К сожалению, на этой волне интереса появляются издания, соответствующие циничному духу нашего времени, в которых цитируются выдержки из дневника Тарковского, названного автором «Мартиролог» (то есть свод злоключений) и одним своим названием призывающего к сочувствию его страданиям. Горечь многих страниц дневника читатель разделит всей душой, особенно когда речь идет о полном непонимании Тарковского современниками, собратьями по профессии. Обвинения в адрес режима более чем понятны. Однако авторов некоторых книг привлекают отдельные высказывания, сделанные «в узком круге дневника», вполне возможно, под влиянием сиюминутных эмоций. Эти отрывки цитируются тенденциозно и целенаправленно. И вот уж перед вами настоящий монстр, завистник и мизантроп, недоверчивый маргинал, ходящий по трупам, и т. д.
Когда я читаю подобное, то думаю: во-первых, делая записи только для себя (дневники — это интимное дело), люди часто фиксируют впечатления дня первыми попавшимися торопливыми словами. Во-вторых, сомнительно ссылаться на эмоциональные мнения художников при оценке ими творчества своих собратьев. Разве можно серьезно относиться к тому, что Бунин писал о Блоке — «какой он поэт — это вымышленная немецкая поэзия», об Ахматовой — «это провинциальная барышня, попавшая в Петербург». А Маяковский, футуристы — «это просто беглые каторжники»! Истина в этих бунинских высказываниях и не ночевала. Их даже читать теперь весело.
Вот на подобные записи Андрея и слетается воронье, выискивая слова, появившиеся в дневнике в минуты усталости, раздражения, сомнения или отчаяния. Намеренно забывают его неоднократные признания в присущей ему нетерпимости, которая мешает правильно ориентироваться в людях, мешает жить и о которой он сожалеет.
Мерзость такого цитирования еще и в том, что написавшего «Мартиролог» уже нет в живых и он не сможет ни пояснить свою мысль, ни пересмотреть написанного.
Андрей, пока мы живем, всегда рядом с нами. Это порой не создает ощущения внутреннего комфорта — случалось, что бытовые стороны его жизни приносили разочарования. Но почему мы привыкли требовать от людей невозможного?..
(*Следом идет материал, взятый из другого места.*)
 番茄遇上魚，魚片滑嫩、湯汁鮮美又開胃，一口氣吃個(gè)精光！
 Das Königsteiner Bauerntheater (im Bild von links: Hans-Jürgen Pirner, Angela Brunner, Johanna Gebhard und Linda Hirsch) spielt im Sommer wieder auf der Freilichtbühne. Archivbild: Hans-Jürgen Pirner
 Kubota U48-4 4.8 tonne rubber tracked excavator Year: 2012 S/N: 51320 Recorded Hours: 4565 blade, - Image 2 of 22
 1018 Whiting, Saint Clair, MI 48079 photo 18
Дневник Андрея — не только мартиролог. Если относиться к Тарковскому как к пророку или учителю, можно часами выписывать его высказывания, замечания, рассуждения об искусстве. В дневнике только поройся, и найдешь кладезь цитат из философов и писателей России и Запада, мудрецов Востока, добросовестно записанных Андреем на многих страницах.
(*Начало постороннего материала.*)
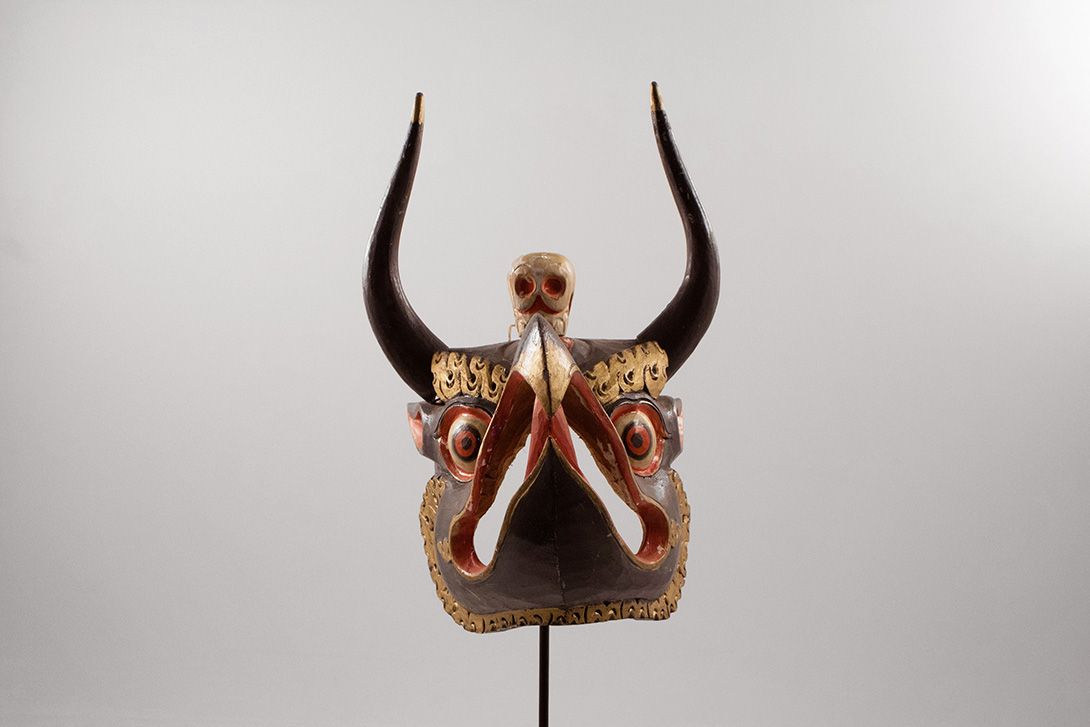 Foto Japanese Mask h32x20x19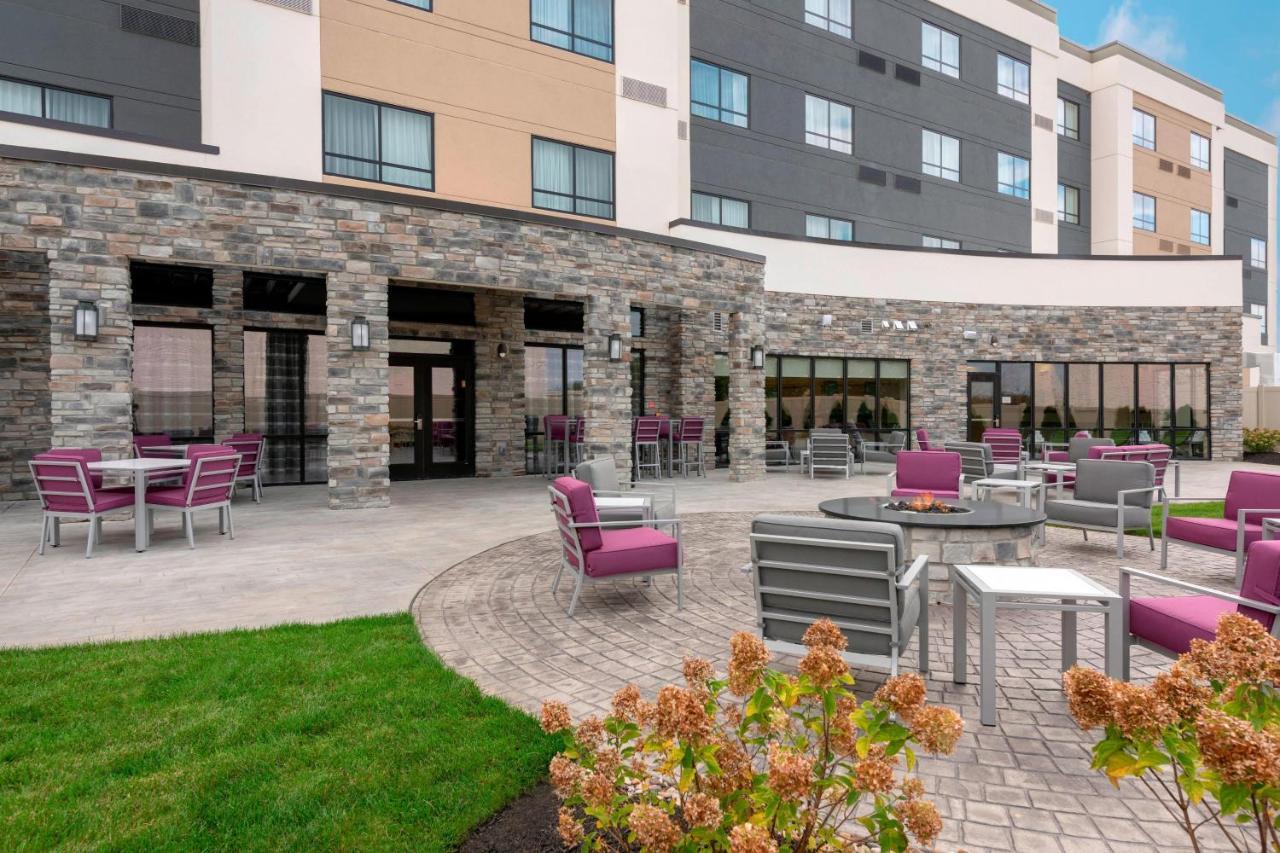 Courtyard By Marriott Cleveland Elyria Hotel Buitenkant foto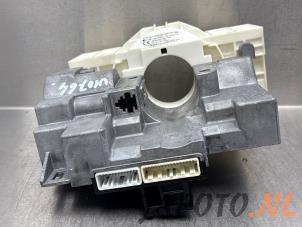 Ignition lock + computer from a Mazda CX-5 I (KE,GH) 2.2 Skyactiv D 150 16V 4WD 2014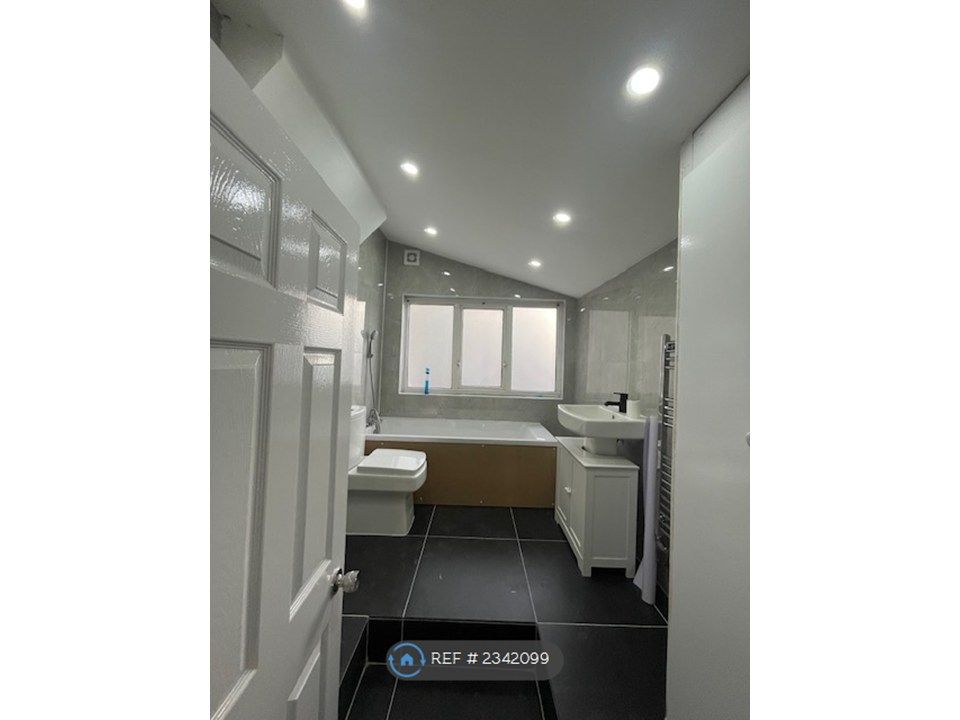 Property photo 1 of 25 Bathroom (First Floor)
Но не нужно воспринимать Тарковского как раба всей этой мудрости, не нужно терять его драгоценное индивидуальное бытие. По счастью, в самом Андрее через край наблюдений, живых реакций. Дерево Тарковского никогда не будет сухим…
Вспоминаешь об Андрее, попадая в места, где он работал. В Москве, на Ордынке, был реставрационный центр, где он часто бывал у Савелия Ямщикова, консультанта фильма о Рублеве. Владимир и Суздаль — «Андрей Рублев», под Звенигородом — «Солярис». Под Таллином снимал многострадального «Сталкера», а там, посреди мелкого балтийского желтоводья, близко остров Готланд. В Риме Андрей жил одно время на пьяцца Навона.
Об Андрее часто думаешь и в ситуациях, связанных с его творчеством. Смотришь на портрет Ван Гога с отрезанным ухом — вспоминаешь Тарковского. Одно время он надеялся, что Кайдановского выпустят в Италию на съемки «Ностальгии», и фантазировал: если Горчакова будет играть Кайдановский, внешне похожий на Ван Гога (режиссер предполагал еще искусный грим), то на этом сходстве можно строить сцены с ним. Прикрывать повыше шею шарфом, будто скрывая отрезанное ухо…
Когда-то, после неудачи с «Антарктидой», М. И. Ромм добился, чтобы мы с Андреем получили право снимать дипломные работы на «Мосфильме». Он привел нас в кабинет тогдашнего директора «Мосфильма» В. Н. Сурина и представил молодых людей. Для 1960 года это было довольно демократично. Грузный, круглоголовый Сурин был сдержан, Ромм дипломатично красноречив и деловит.